Information supplied

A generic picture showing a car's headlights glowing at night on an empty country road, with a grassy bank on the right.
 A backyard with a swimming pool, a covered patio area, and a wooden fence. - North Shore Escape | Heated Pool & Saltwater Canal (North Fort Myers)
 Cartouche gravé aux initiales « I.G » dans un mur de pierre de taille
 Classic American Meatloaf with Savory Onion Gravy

Task goal
Beginning with the line that contains "Cartouche gravé aux", return every line to the end of the listing, unchanged, and nothing else.

Result of the task
 Cartouche gravé aux initiales « I.G » dans un mur de pierre de taille
 Classic American Meatloaf with Savory Onion Gravy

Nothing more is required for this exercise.